*TASK DIRECTIONS*. There is one span to output from the data below: the lines starting at the line with "Hibag racing logo" and ending at the line with "Audi A3 Sportback usata a Treviso (6)". Output it exactly, ends included, nothing more.

Records drawn from a dataset
= Beginning of Section =
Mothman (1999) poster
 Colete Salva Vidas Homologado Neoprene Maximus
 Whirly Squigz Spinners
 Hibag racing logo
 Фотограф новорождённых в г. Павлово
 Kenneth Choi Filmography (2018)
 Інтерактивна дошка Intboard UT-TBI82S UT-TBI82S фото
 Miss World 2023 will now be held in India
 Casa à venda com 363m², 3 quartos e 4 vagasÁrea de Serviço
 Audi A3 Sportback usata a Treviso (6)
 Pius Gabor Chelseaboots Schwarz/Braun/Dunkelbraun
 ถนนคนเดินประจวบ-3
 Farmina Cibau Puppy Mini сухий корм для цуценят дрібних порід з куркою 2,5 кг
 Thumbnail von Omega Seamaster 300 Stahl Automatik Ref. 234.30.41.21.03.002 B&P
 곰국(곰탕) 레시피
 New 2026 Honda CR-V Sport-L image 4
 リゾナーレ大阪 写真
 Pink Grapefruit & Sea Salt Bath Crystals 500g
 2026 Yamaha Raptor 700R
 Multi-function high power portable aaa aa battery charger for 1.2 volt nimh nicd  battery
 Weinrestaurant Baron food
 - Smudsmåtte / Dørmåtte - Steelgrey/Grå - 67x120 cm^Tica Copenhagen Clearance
= End of Section =
*OUTPUT BELOW*.
 Hibag racing logo
 Фотограф новорождённых в г. Павлово
 Kenneth Choi Filmography (2018)
 Інтерактивна дошка Intboard UT-TBI82S UT-TBI82S фото
 Miss World 2023 will now be held in India
 Casa à venda com 363m², 3 quartos e 4 vagasÁrea de Serviço
 Audi A3 Sportback usata a Treviso (6)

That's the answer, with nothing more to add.